C : Non, on ne peut pas vivre que de ça. On touche les Assedic, j'ai aussi été TUC. Eric et moi on a nos copines qui travaillent, elles ne nous entretiennent pas directement mais ... On a tout de même réussi à ne faire que ça. Tu ne peux pas à la fois faire un groupe et avoir un boulot, ou alors un boulot cool où tu peux travailler quand tu veux. Il faut être discipliné pour tourner. On ne peut pas se permettre de refuser une tournée parce qu'il y en a un qui travaille. Je ne me plaindrains pas de pas avoir beaucoup de fric, parce que je ne tiens pas spécialement à travailler, c'est aussi pour ça que je fais du rock.

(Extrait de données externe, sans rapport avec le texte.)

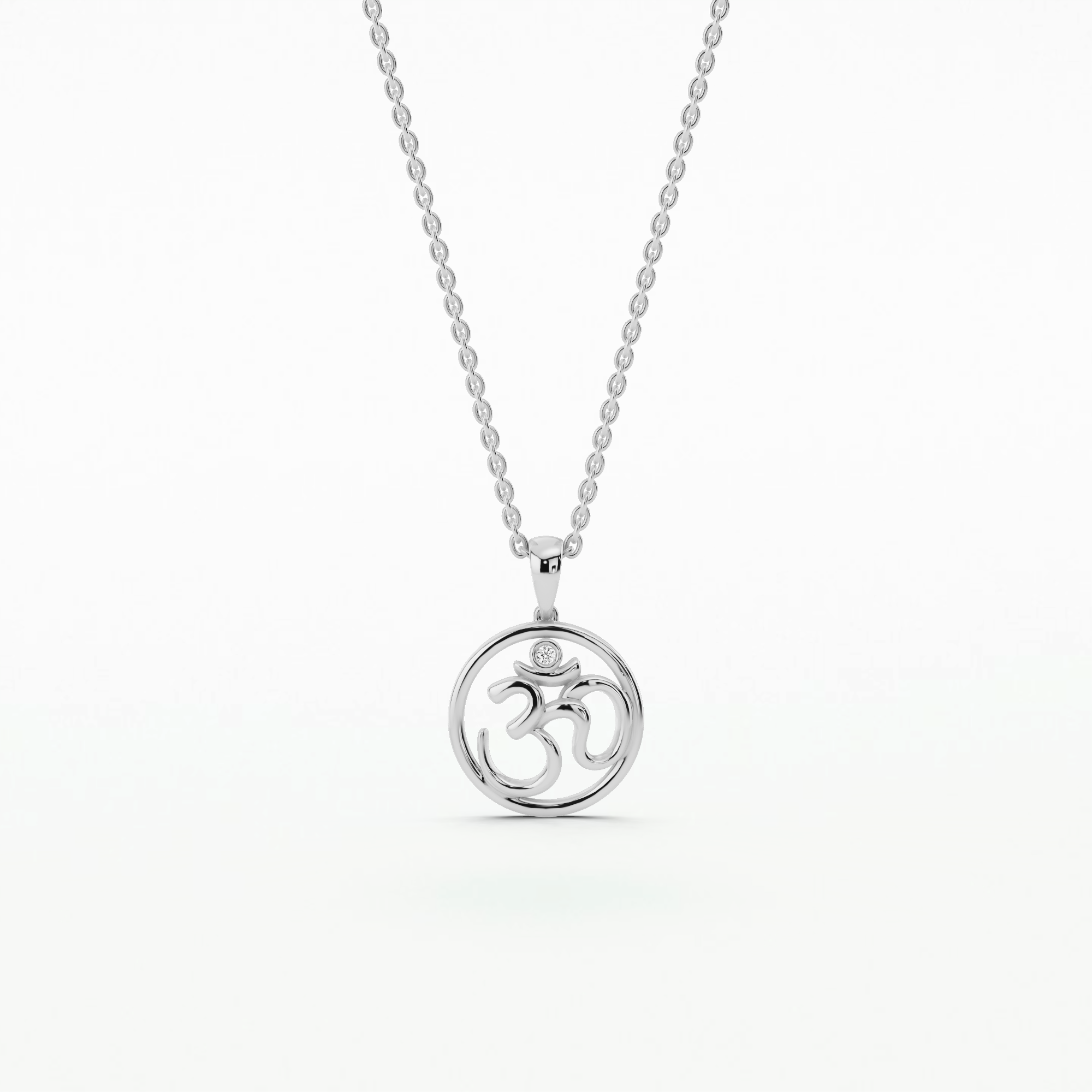 Eternal Om Pendant-Round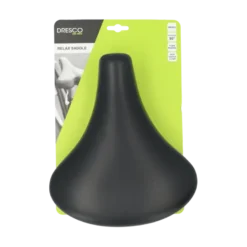 Dresco City Retro fietszadel zwart Discount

C : Oui je pense. Si tu veux "Still hangry" on l'a écrit avec un "a", et sur le recto de la pochette on l'a écrit "hungry". Ca résume assez bien pourquoi on fait du rock : on a toujours faim, dans le sens qu'on n'a pas envie de vivre comme des cons, de vivre d'une façon normale. On veut bouger, voir des gens. Et puis aussi, on est toujours en colère à cause de ce qu'on voit.
Dans la structure musicale on est contre ce qui est établi : l'ordre, la discipline ... Quand tu vois le nombre de gens que le rock touche en Europe, une jeunesse marginale, c'est dans l'essence de la musique. Ca a commencé par Elvis Presley. Ce qu'il dégageait dans les années 50, c'est la même chose que les Sex Pistols dégageaient en 77, même si ce n'était pas le même discours.
E : Ce n'est pas le label des Thugs, c'est le label que j'ai monté avec Stéphane qui tient le magasin Black & Noir avec moi et nos copines respectives. On est 4 à s'en occuper. Il est évident que si la première signature du label c'était les Cateran, c'était pas un hasard (*).